NVIDIA's Dirty Dealing with DX10.1 and How GT200 Doesn't Support it

I know many people were hoping to see DX10.1 implemented in GT200 hardware, but that is not the case. NVIDIA has opted to skip including some of the features of DX10.1 in this generation of their architecture. We are in a situation as with DX9 where SM2.0 hardware was able to do the same things as SM3.0 hardware albeit at reduced performance or efficiency. DX10.1 does not enable a new class of graphics quality or performance, but does enable more options to developers to simplify their code and it does enhance performance when coding certain effects and features.

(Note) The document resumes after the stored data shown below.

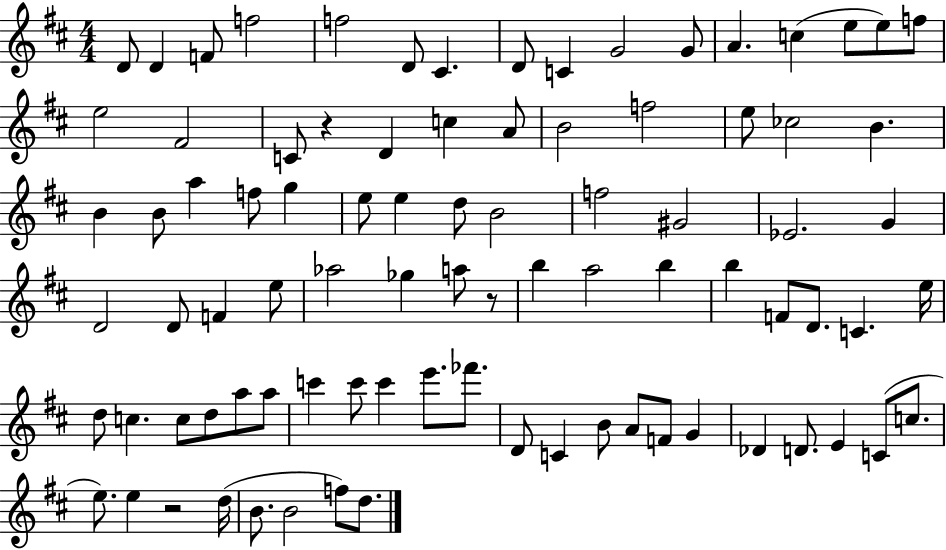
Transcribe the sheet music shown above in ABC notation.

X:1
T:Untitled
M:4/4
L:1/4
K:D
D/2 D F/2 f2 f2 D/2 ^C D/2 C G2 G/2 A c e/2 e/2 f/2 e2 ^F2 C/2 z D c A/2 B2 f2 e/2 _c2 B B B/2 a f/2 g e/2 e d/2 B2 f2 ^G2 _E2 G D2 D/2 F e/2 _a2 _g a/2 z/2 b a2 b b F/2 D/2 C e/4 d/2 c c/2 d/2 a/2 a/2 c' c'/2 c' e'/2 _f'/2 D/2 C B/2 A/2 F/2 G _D D/2 E C/2 c/2 e/2 e z2 d/4 B/2 B2 f/2 d/2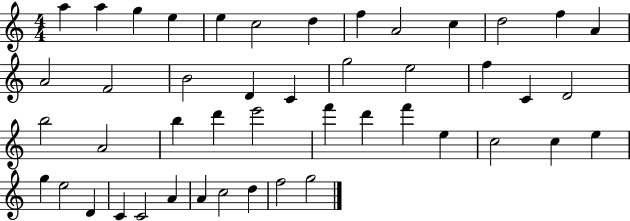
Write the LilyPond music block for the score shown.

{
  \clef treble
  \numericTimeSignature
  \time 4/4
  \key c \major
  a''4 a''4 g''4 e''4 | e''4 c''2 d''4 | f''4 a'2 c''4 | d''2 f''4 a'4 | \break a'2 f'2 | b'2 d'4 c'4 | g''2 e''2 | f''4 c'4 d'2 | \break b''2 a'2 | b''4 d'''4 e'''2 | f'''4 d'''4 f'''4 e''4 | c''2 c''4 e''4 | \break g''4 e''2 d'4 | c'4 c'2 a'4 | a'4 c''2 d''4 | f''2 g''2 | \break \bar "|."
}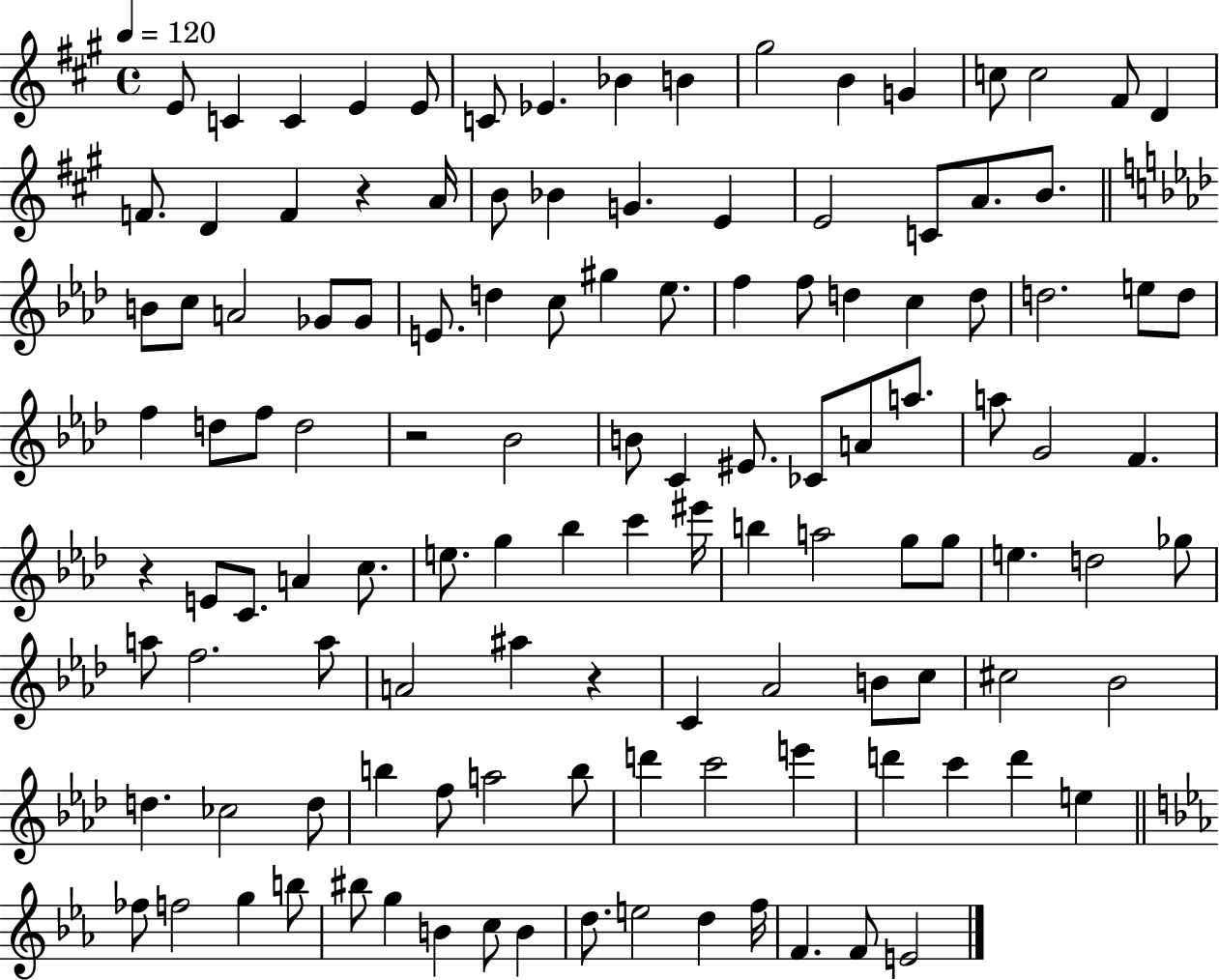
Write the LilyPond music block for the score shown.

{
  \clef treble
  \time 4/4
  \defaultTimeSignature
  \key a \major
  \tempo 4 = 120
  e'8 c'4 c'4 e'4 e'8 | c'8 ees'4. bes'4 b'4 | gis''2 b'4 g'4 | c''8 c''2 fis'8 d'4 | \break f'8. d'4 f'4 r4 a'16 | b'8 bes'4 g'4. e'4 | e'2 c'8 a'8. b'8. | \bar "||" \break \key aes \major b'8 c''8 a'2 ges'8 ges'8 | e'8. d''4 c''8 gis''4 ees''8. | f''4 f''8 d''4 c''4 d''8 | d''2. e''8 d''8 | \break f''4 d''8 f''8 d''2 | r2 bes'2 | b'8 c'4 eis'8. ces'8 a'8 a''8. | a''8 g'2 f'4. | \break r4 e'8 c'8. a'4 c''8. | e''8. g''4 bes''4 c'''4 eis'''16 | b''4 a''2 g''8 g''8 | e''4. d''2 ges''8 | \break a''8 f''2. a''8 | a'2 ais''4 r4 | c'4 aes'2 b'8 c''8 | cis''2 bes'2 | \break d''4. ces''2 d''8 | b''4 f''8 a''2 b''8 | d'''4 c'''2 e'''4 | d'''4 c'''4 d'''4 e''4 | \break \bar "||" \break \key ees \major fes''8 f''2 g''4 b''8 | bis''8 g''4 b'4 c''8 b'4 | d''8. e''2 d''4 f''16 | f'4. f'8 e'2 | \break \bar "|."
}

It's useful to point out that, in spite of the fact that NVIDIA doesn't support DX10.1 and DX10 offers no caps bits, NVIDIA does enable developers to query their driver on support for a feature. This is how they can support multisample readback and any other DX10.1 feature that they chose to expose in this manner. Sure, part of the point of DX10 was to eliminate the need for developers to worry about varying capabilities, but that doesn't mean hardware vendors can't expose those features in other ways. Supporting DX10.1 is all or nothing, but enabling features beyond DX10 that happen to be part of DX10.1 is possible, and NVIDIA has done this for multisample readback and can do it for other things.

While we would love to see NVIDIA and AMD both adopt the same featureset, just as we wish AMD had picked up SM3.0 in R4xx hardware, we can understand the decision to exclude support for the features DX10.1 requires. NVIDIA is well within reason to decide that the ROI on implementing hardware for DX10.1 is not high enough to warrant it. That's all fine and good.

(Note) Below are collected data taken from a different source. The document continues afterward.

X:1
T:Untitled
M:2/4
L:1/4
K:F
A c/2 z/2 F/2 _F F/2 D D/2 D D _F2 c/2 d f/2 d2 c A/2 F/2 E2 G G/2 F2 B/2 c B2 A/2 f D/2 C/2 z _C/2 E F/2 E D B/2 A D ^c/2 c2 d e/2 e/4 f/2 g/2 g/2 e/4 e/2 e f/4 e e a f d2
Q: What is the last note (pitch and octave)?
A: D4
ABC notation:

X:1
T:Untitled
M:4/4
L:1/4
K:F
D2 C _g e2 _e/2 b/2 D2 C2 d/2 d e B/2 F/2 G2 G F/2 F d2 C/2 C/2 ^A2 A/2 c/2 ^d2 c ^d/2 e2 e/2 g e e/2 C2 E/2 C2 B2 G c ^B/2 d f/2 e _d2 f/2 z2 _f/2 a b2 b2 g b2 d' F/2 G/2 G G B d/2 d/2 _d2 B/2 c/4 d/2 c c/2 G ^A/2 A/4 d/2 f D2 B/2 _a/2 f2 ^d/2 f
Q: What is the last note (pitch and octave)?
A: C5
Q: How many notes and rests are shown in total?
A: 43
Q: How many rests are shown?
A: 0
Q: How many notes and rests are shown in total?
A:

But then PR, marketing and developer relations get involved and what was a simple engineering decision gets turned into something ridiculous.

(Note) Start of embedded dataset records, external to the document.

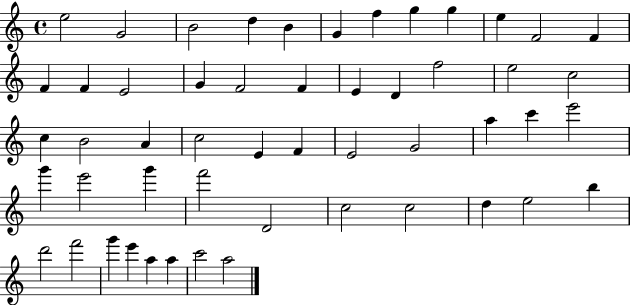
X:1
T:Untitled
M:4/4
L:1/4
K:C
e2 G2 B2 d B G f g g e F2 F F F E2 G F2 F E D f2 e2 c2 c B2 A c2 E F E2 G2 a c' e'2 g' e'2 g' f'2 D2 c2 c2 d e2 b d'2 f'2 g' e' a a c'2 a2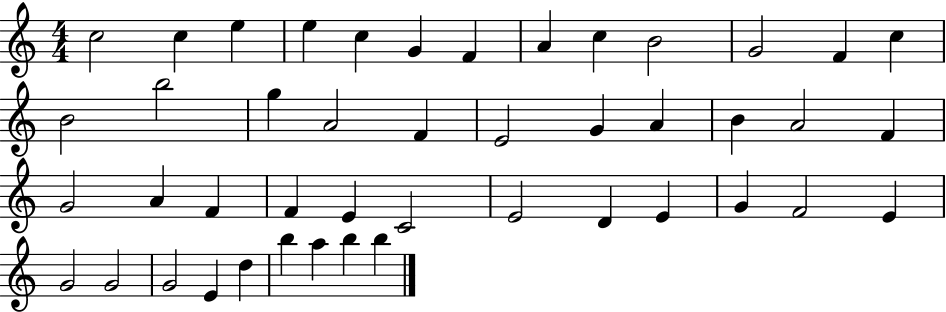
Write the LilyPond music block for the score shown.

{
  \clef treble
  \numericTimeSignature
  \time 4/4
  \key c \major
  c''2 c''4 e''4 | e''4 c''4 g'4 f'4 | a'4 c''4 b'2 | g'2 f'4 c''4 | \break b'2 b''2 | g''4 a'2 f'4 | e'2 g'4 a'4 | b'4 a'2 f'4 | \break g'2 a'4 f'4 | f'4 e'4 c'2 | e'2 d'4 e'4 | g'4 f'2 e'4 | \break g'2 g'2 | g'2 e'4 d''4 | b''4 a''4 b''4 b''4 | \bar "|."
}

We know that both G80 and R600 both supported some of the DX10.1 featureset. Our goal at the least has been to determine which, if any, features were added to GT200. We would ideally like to know what DX10.1 specific features GT200 does and does not support, but we'll take what we can get. After asking our question, this is the response we got from NVIDIA Technical Marketing:

"We support Multisample readback, which is about the only dx10.1 feature (some) developers are interested in. If we say what we can't do, ATI will try to have developers do it, which can only harm pc gaming and frustrate gamers."

The policy decision that has lead us to run into this type of response at every turn is reprehensible. Aside from being blatantly untrue at any level, it leaves us to wonder why we find ourselves even having to respond to this sort of a statement. Let's start with why NVIDIA's official position holds no water and then we'll get on to the bit about what it could mean.

The statement multisample readback is the only thing some developers are interested in is untrue: cube map arrays come in quite handy for simplifying and accelerating multiple applications. Necessary? no, but useful? yes. Separate per-MRT blend modes could become useful as deferred shading continues to evolve, and part of what would be great about supporting these features is that they allow developers and researchers to experiment. I get that not many devs will get up in arms about int16 blends, but some DX10.1 features are interesting, and, more to the point, would be even more compelling if both AMD and NVIDIA supported them.

Next, the idea that developers in collusion with ATI would actively try to harm pc gaming and frustrate gamers is false (and wreaks of paranoia). Developers are interested in doing the fastest most efficient thing to get their desired result with as little trouble to themselves as possible. If a techique makes sense, they will either take it or leave it. The goal of a developer is to make the game as enjoyable as possible for as many gamers as possible, and enabling the same experience on both AMD and NVIDIA hardware is vital. Games won't come out with either one of the two major GPU vendors unable to run the game properly because it is bad for the game and bad for the developer.

Just like NVIDIA made an engineering decision about support for DX10.1 features, every game developer must weight the ROI of implementing a specific feature or using a certain technique. With NVIDIA not supporting DX10.1, doing anything DX10.1 becomes less attractive to a developer because they need to write a DX10 code path anyway. Unless a DX10.1 code path is trivial to implement, produces the same result as DX10, and provides some benefit on hardware supporting DX10.1 there is no way it will ever make it into games. Unless there is some sort of marketing deal in place with a publisher to unbalance things which is a fundamental problem with going beyond developer relations and tech support and designing marketing campaigns based on how many games dispaly a particular hardware vendors logo.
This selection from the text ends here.